Description of the task:
Please transcribe the records precisely; pictures stay out of your copy.

┌─ Records for this exercise

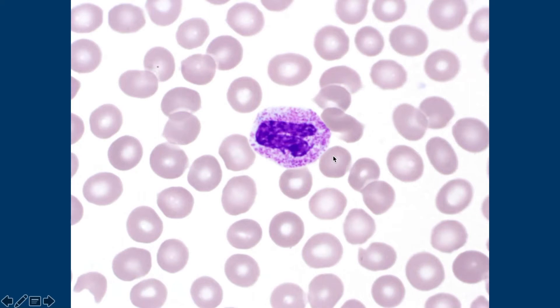Okay, so that would be what a band would look like. We talked about a band earlier — imagine that the segments are gone. So the segments are gone. That's a band. So a hyposegmented neutrophil, basically?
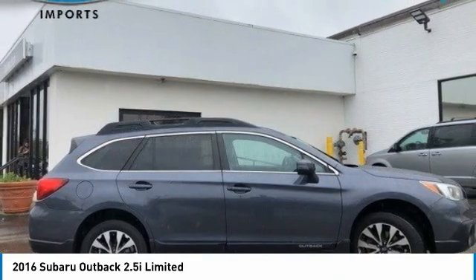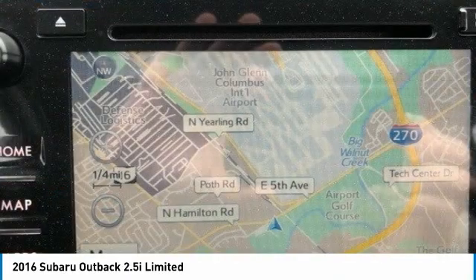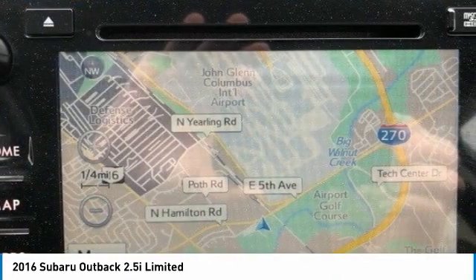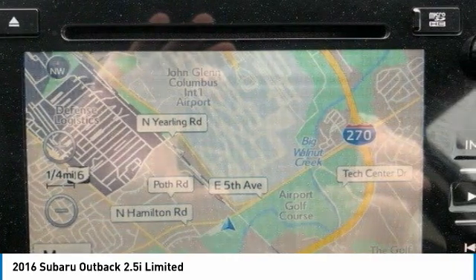Test Drive: 2016 Outback. Take the go-anywhere capability of all-wheel drive and plenty of room for cargo and companions, and you've got the Subaru Outback. Let the adventure begin.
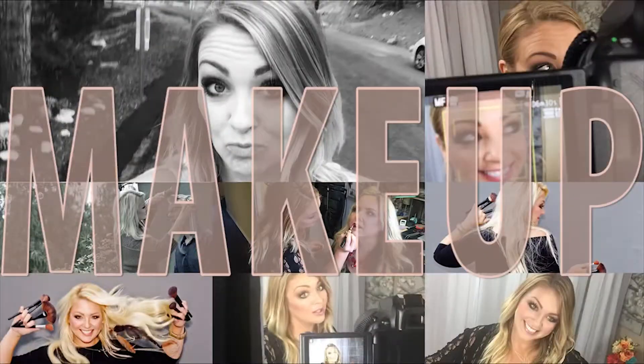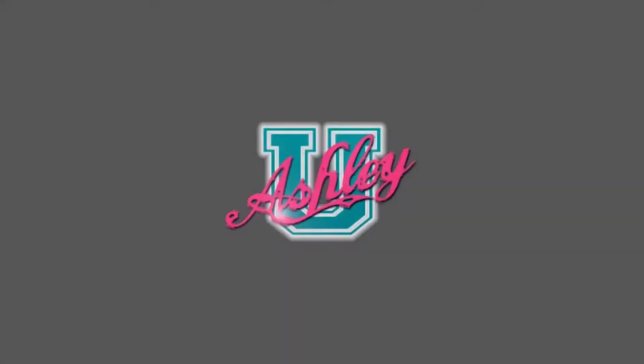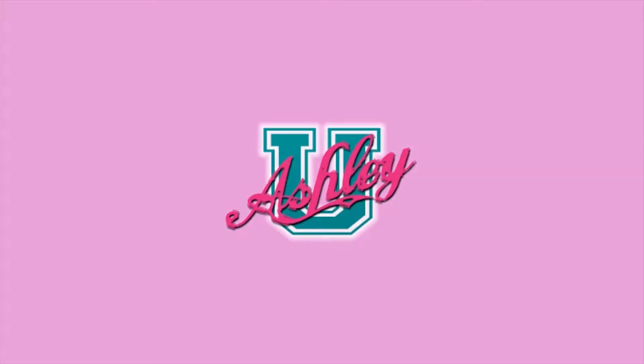Hello and welcome back to Ashley U Life. In today's class, we're going to be talking about the very talked-about Magdalene Sky High Mascara. I feel like I've been hearing about this mascara everywhere and people are loving it. It's supposed to give you a false lash situation.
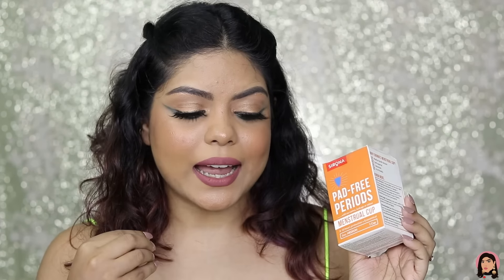Next up is a menstrual cup — this is the first time I've bought one. I used to wear sanitary pads and a friend suggested I try this. I've tried tampons as well but I'm not comfortable with them. I'm very scared to try this but I'm definitely going to. It retails for ₹399 and I got the medium size — I thought let's start with medium and if I want, I can go larger or smaller. I honestly don't have much knowledge about this product, but I'll definitely read up before trying it.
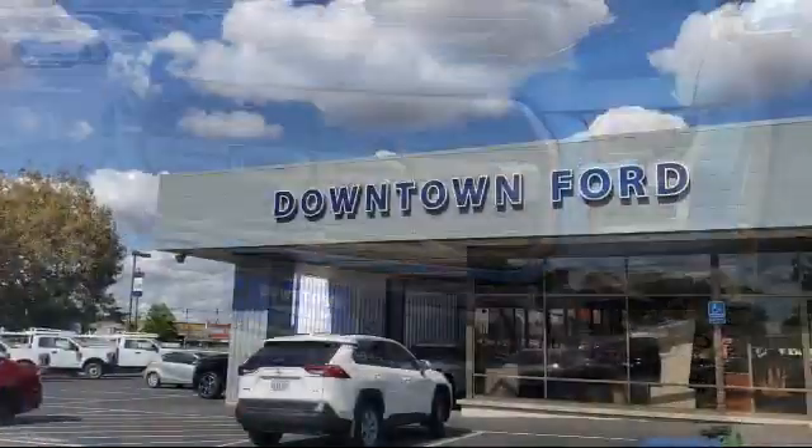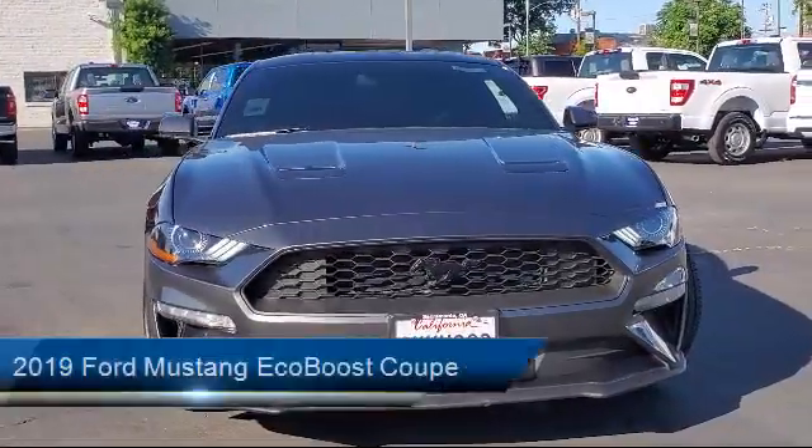Welcome to Downtown Ford, and here's a look at another one of our great vehicles from our inventory.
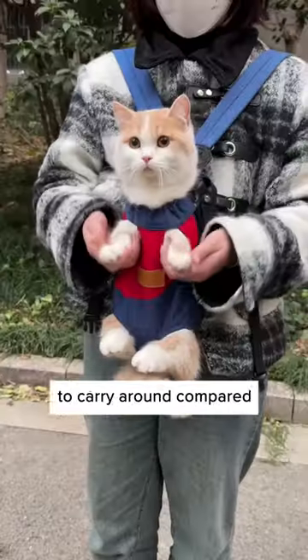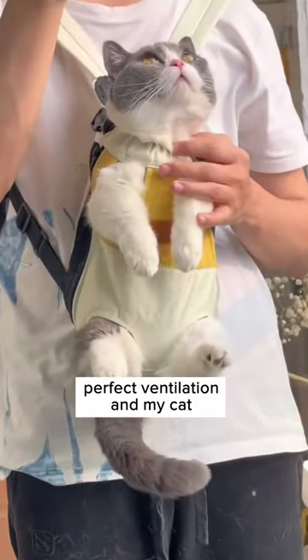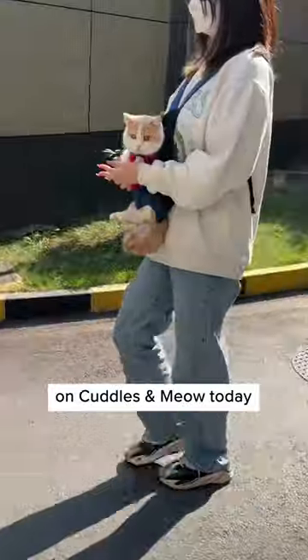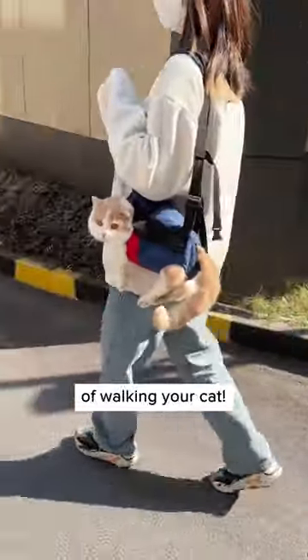Much easier and lighter to carry around compared to my old cat bag. Perfect ventilation and my cat can look at the world without any barrier. Definitely get this on Cuddles and Meow today to explore a much cooler way of walking your cat.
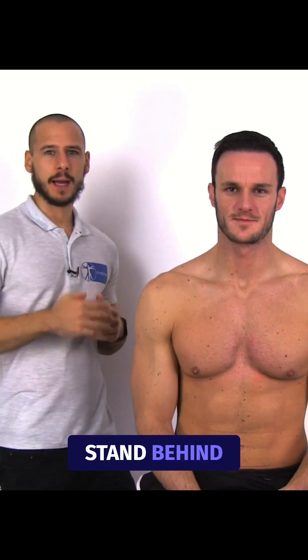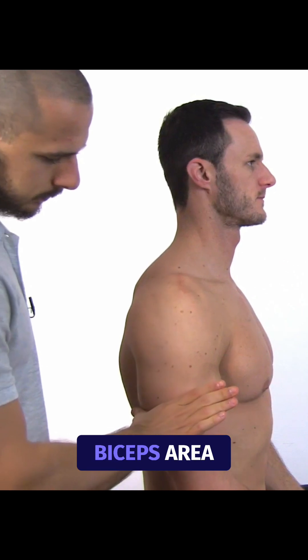To conduct the test, the patient is in a sitting position. Stand behind the patient's affected shoulder and grasp the middle third of the patient's arm, where the thumb covers the triceps and the other four digits cover the biceps area.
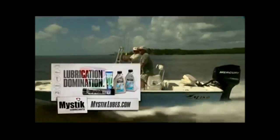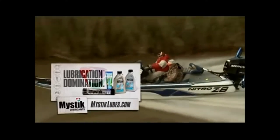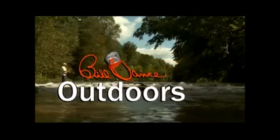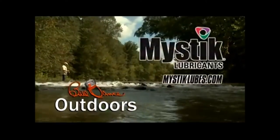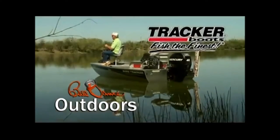Today's Conditions Log is sponsored by Mystic Lubricants and their JT-6 Marine Grease, designed for maximum protection against salt and corrosion. Today's show is also sponsored in part by Quantum Rods and Reels, fishing at a quantum level. Mystic Lubricants — Lubrication Domination. And Tracker Boats — Fish the Finest.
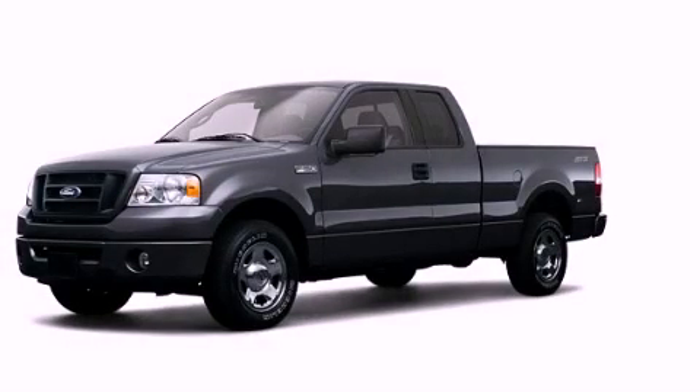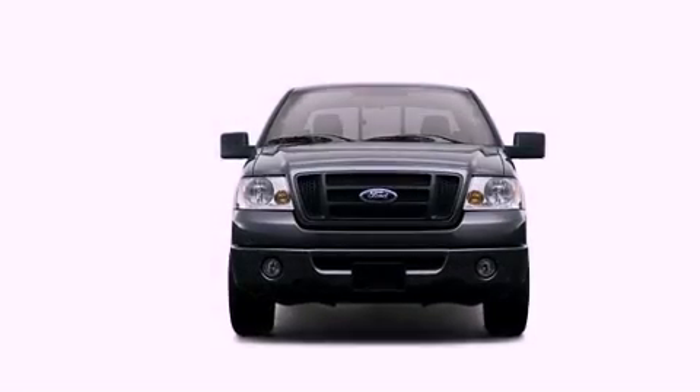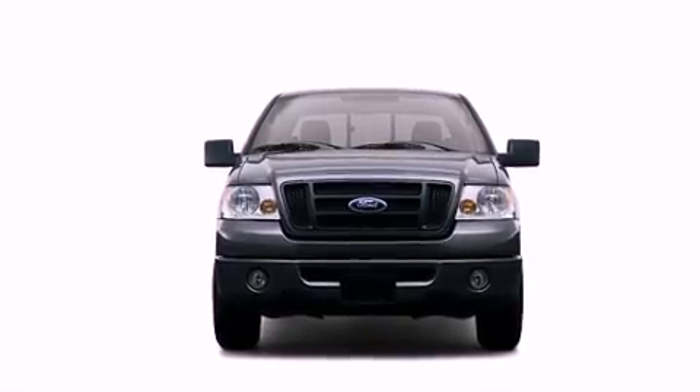This is a 2008 Ford F-150. It has what you need for work as well as what you want for play. All of the following features are included.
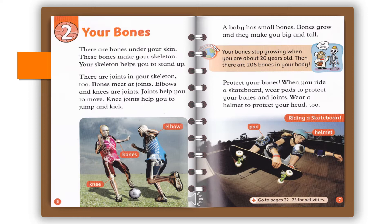Knee joints help you to jump and kick. A baby has small bones. Bones grow and they make you big and tall. Your bones stop growing when you are about 20 years old. Then there are 206 bones in your body. Protect your bones: when you ride a skateboard, wear pads to protect your bones and joints. Wear a helmet to protect your head, too.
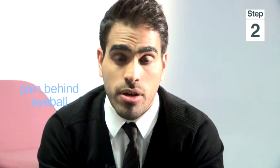The second common symptom is pain, and this tends to be behind the eyeball. Some people find that the pain is worse on activity.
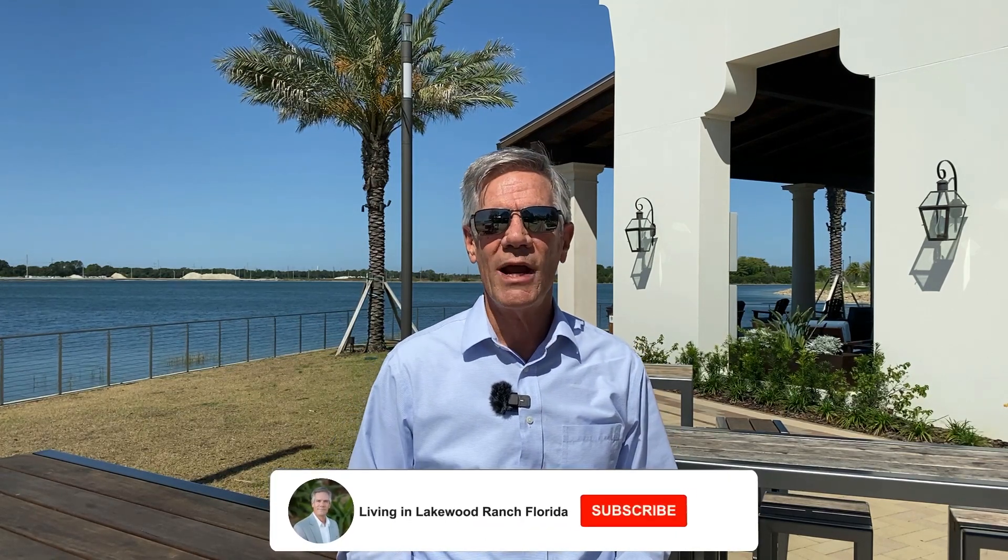Hello, it's Mark Bamig with Michael Saunders and Company. In this channel, Living in Lakewood Ranch, we cover all the areas from Bradenton down to Sarasota and from Siesta Key up to Anna Marie Island. So if you get value out of these videos, just click that little subscribe button and ding the little bell — every time I put on a new video, you'll be notified.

└─

Expected answer:
Okay, so that would be what a band would look like. We talked about a band earlier — imagine that the segments are gone. So the segments are gone. That's a band. So a hyposegmented neutrophil, basically?
Test Drive: 2016 Outback. Take the go-anywhere capability of all-wheel drive and plenty of room for cargo and companions, and you've got the Subaru Outback. Let the adventure begin.
Hello and welcome back to Ashley U Life. In today's class, we're going to be talking about the very talked-about Magdalene Sky High Mascara. I feel like I've been hearing about this mascara everywhere and people are loving it. It's supposed to give you a false lash situation.
Next up is a menstrual cup — this is the first time I've bought one. I used to wear sanitary pads and a friend suggested I try this. I've tried tampons as well but I'm not comfortable with them. I'm very scared to try this but I'm definitely going to. It retails for ₹399 and I got the medium size — I thought let's start with medium and if I want, I can go larger or smaller. I honestly don't have much knowledge about this product, but I'll definitely read up before trying it.
Welcome to Downtown Ford, and here's a look at another one of our great vehicles from our inventory.
Much easier and lighter to carry around compared to my old cat bag. Perfect ventilation and my cat can look at the world without any barrier. Definitely get this on Cuddles and Meow today to explore a much cooler way of walking your cat.
To conduct the test, the patient is in a sitting position. Stand behind the patient's affected shoulder and grasp the middle third of the patient's arm, where the thumb covers the triceps and the other four digits cover the biceps area.
Today's Conditions Log is sponsored by Mystic Lubricants and their JT-6 Marine Grease, designed for maximum protection against salt and corrosion. Today's show is also sponsored in part by Quantum Rods and Reels, fishing at a quantum level. Mystic Lubricants — Lubrication Domination. And Tracker Boats — Fish the Finest.
This is a 2008 Ford F-150. It has what you need for work as well as what you want for play. All of the following features are included.
Knee joints help you to jump and kick. A baby has small bones. Bones grow and they make you big and tall. Your bones stop growing when you are about 20 years old. Then there are 206 bones in your body. Protect your bones: when you ride a skateboard, wear pads to protect your bones and joints. Wear a helmet to protect your head, too.
The second common symptom is pain, and this tends to be behind the eyeball. Some people find that the pain is worse on activity.
Hello, it's Mark Bamig with Michael Saunders and Company. In this channel, Living in Lakewood Ranch, we cover all the areas from Bradenton down to Sarasota and from Siesta Key up to Anna Marie Island. So if you get value out of these videos, just click that little subscribe button and ding the little bell — every time I put on a new video, you'll be notified.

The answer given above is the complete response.